具有多个线程持久和刷新的Doctrine Entity Manager

问题描述:

class Job extends \Stackable
{
    public function __construct($monitor)
    {
        $this->monitor = $monitor;
    }
    public function run()
    {
        curl_setopt($this->ch, CURLOPT_URL, $this->monitor->getIp());
        $request = json_decode(curl_exec($this->ch), true);
        //some more db transactions
        $this->em->persist
        (
            (new Attempt())
                ->setMonitor($this->monitor)
                ->setTimestamp(new \DateTime())
                ->setLatency($request['latency'])
        );
        $this->em->flush();
    }
}

class ProbeWorker extends \Worker
{
    public function __construct($em)
    {
        $this->em = $em;
        $this->ch = curl_init();
    }
    public function run()
    {
        curl_setopt($this->ch, CURLOPT_RETURNTRANSFER, true);
    }
}

class DogeCommand extends ContainerAwareCommand
{
    protected function configure()
    {
        $this
            ->setName('wow:doge')
            ->setDescription('such speed')
        ;
    }
    protected function execute(InputInterface $input, OutputInterface $output)
    {
        $em = $this->getContainer()->get('doctrine')->getManager();
        $monitors = $em->getRepository('WowABundle:Monitor')->findAll();
        $worker = new ProbeWorker($em);
        $worker->start();
        foreach($monitors as $monitor)
        {
            $job = new ProbeJob($monitor);
            $worker->stack($job);
        }
    }
}

This gives me an

  [PDOException]                                     
  You cannot serialize or unserialize PDO instances 

error. What does that even mean? I profiled the performance of the old implementation where it would process it serially, and I spent half of my time on flushing. Splitting it into smaller chunks didn't help. Each iteration of the loop takes 1 second, so by parallelizing it, assuming the hardware was capable, I'd be able to significantly reduce the run time and have it scale to more websites. Is there a way to do this? How do I fix this?

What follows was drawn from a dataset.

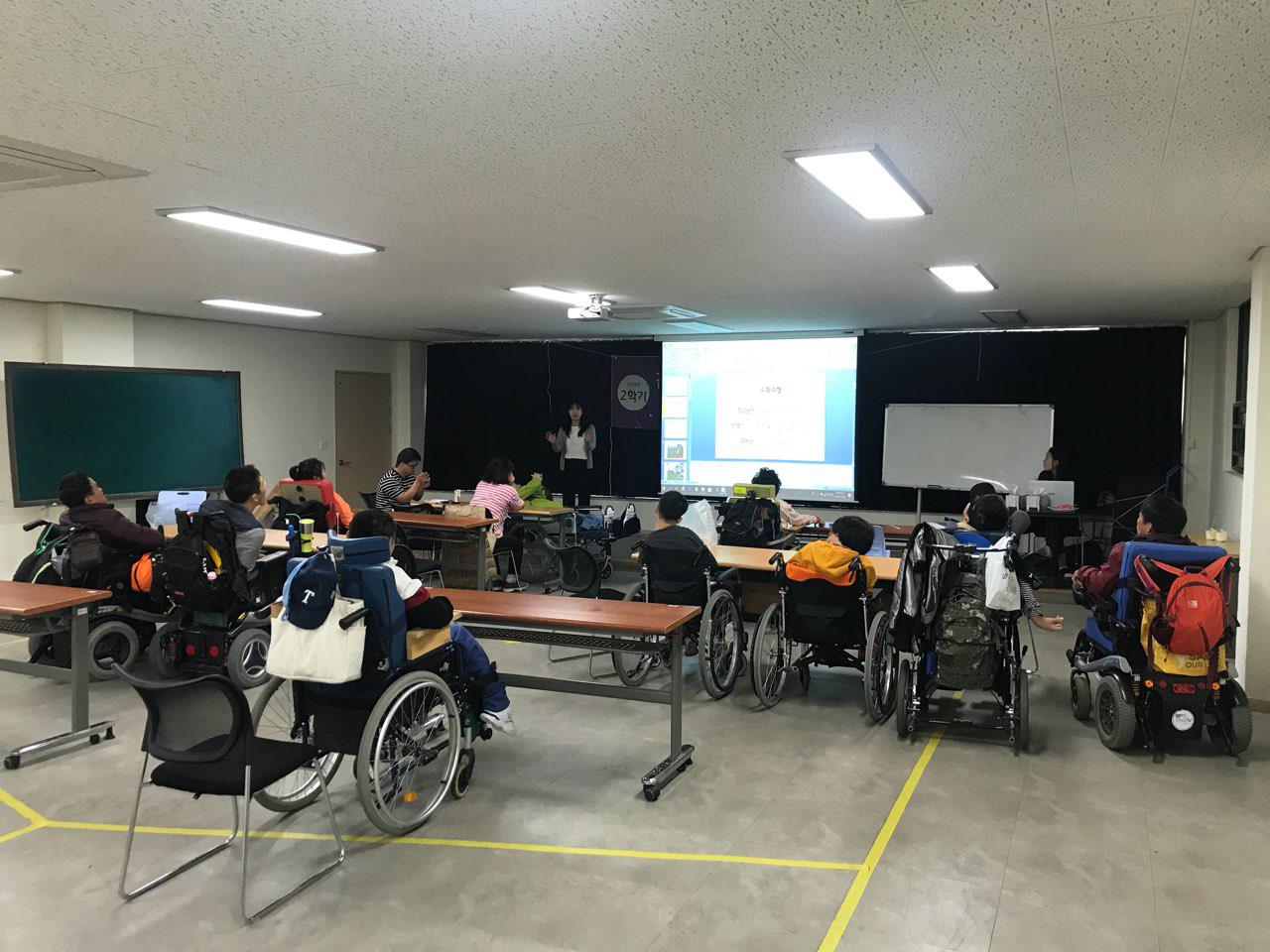 2018년 10월 25일 - 제3회 학생회 사진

I am sure that each job is truly independent from each other, and there wouldn't be any conflicting db transactions. Everything is an insert or read.

The worker should initialize curl in the run method, not the constructor.

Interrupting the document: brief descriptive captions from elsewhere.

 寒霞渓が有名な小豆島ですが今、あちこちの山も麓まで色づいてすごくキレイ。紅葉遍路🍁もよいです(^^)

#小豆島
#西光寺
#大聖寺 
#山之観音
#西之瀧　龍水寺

The $ch resource is then available to stackables via $this->worker->ch during their execution.

The error you are experiencing is because you are writing $em to the object scope, it doesn't descend from pthreads and so is not thread safe, pthreads therefore attempts to serialize the object for safe storage, but the object is not serializable so you experience the error you have shown.

The workaround is going to be to avoid setting that member, initialize an instance of the object for each Worker, I would probably store in static scope to avoid serialization and the unecessary overhead of mutex when accessing these complex objects.